#### ASSIGNMENT
The listing below should be printed exactly, though its pictures must not be.

#### COLLECTED DATA
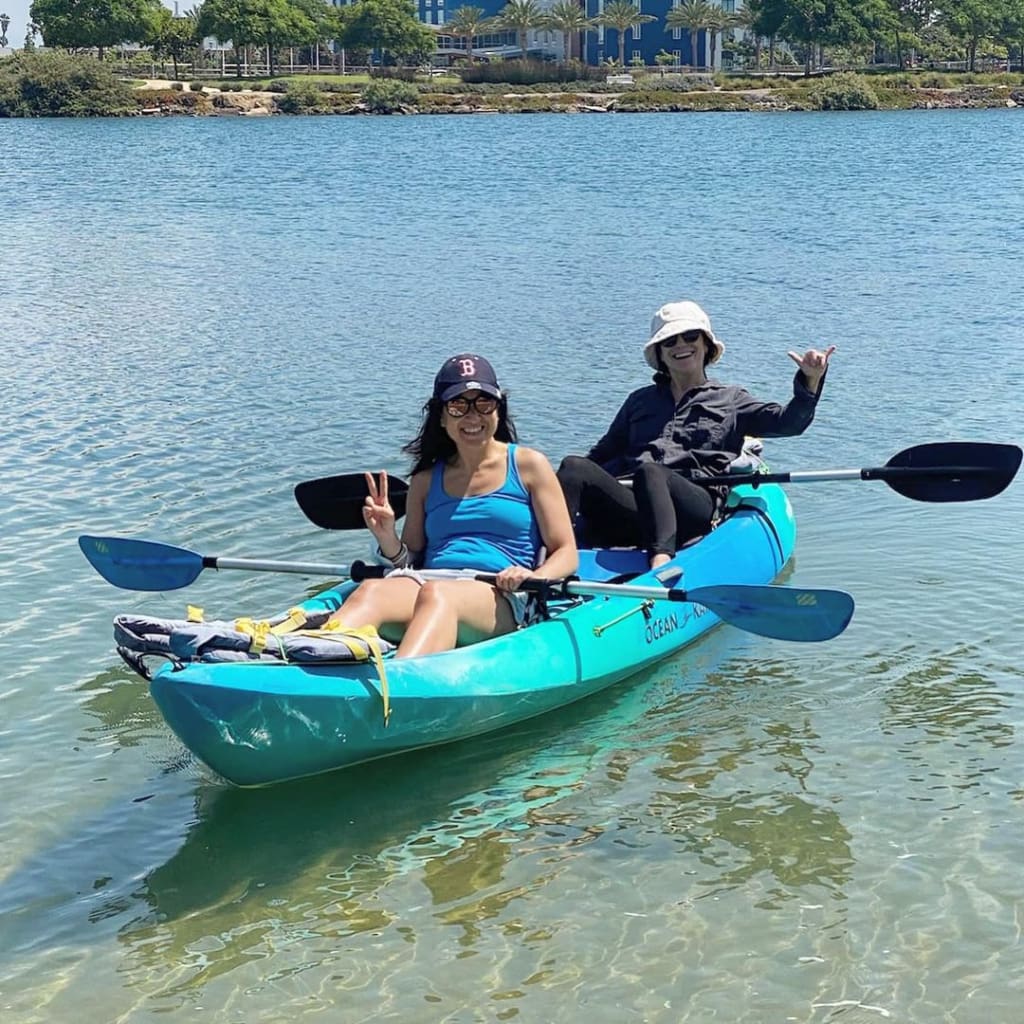 Group Event for 8/4/25 for 11:00am to 12:00pm - West Coast Paddle Sports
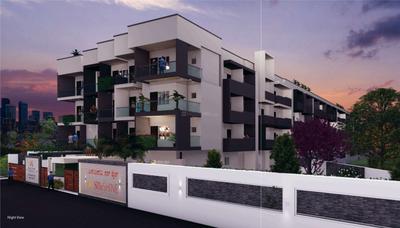 Project Image of 1074.0 - 1485.0 Sq.ft 2 BHK Apartment for buy in SLV Sunshine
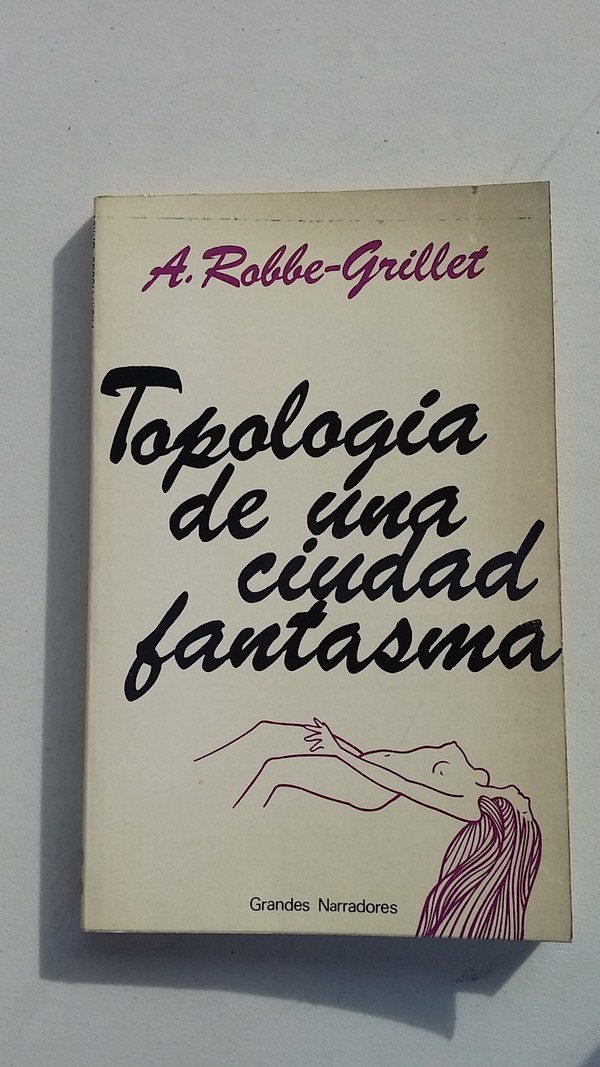 Topologia de una ciudad fantasma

#### ANSWER FOR THE TASK
 Group Event for 8/4/25 for 11:00am to 12:00pm - West Coast Paddle Sports
 Project Image of 1074.0 - 1485.0 Sq.ft 2 BHK Apartment for buy in SLV Sunshine
 Topologia de una ciudad fantasma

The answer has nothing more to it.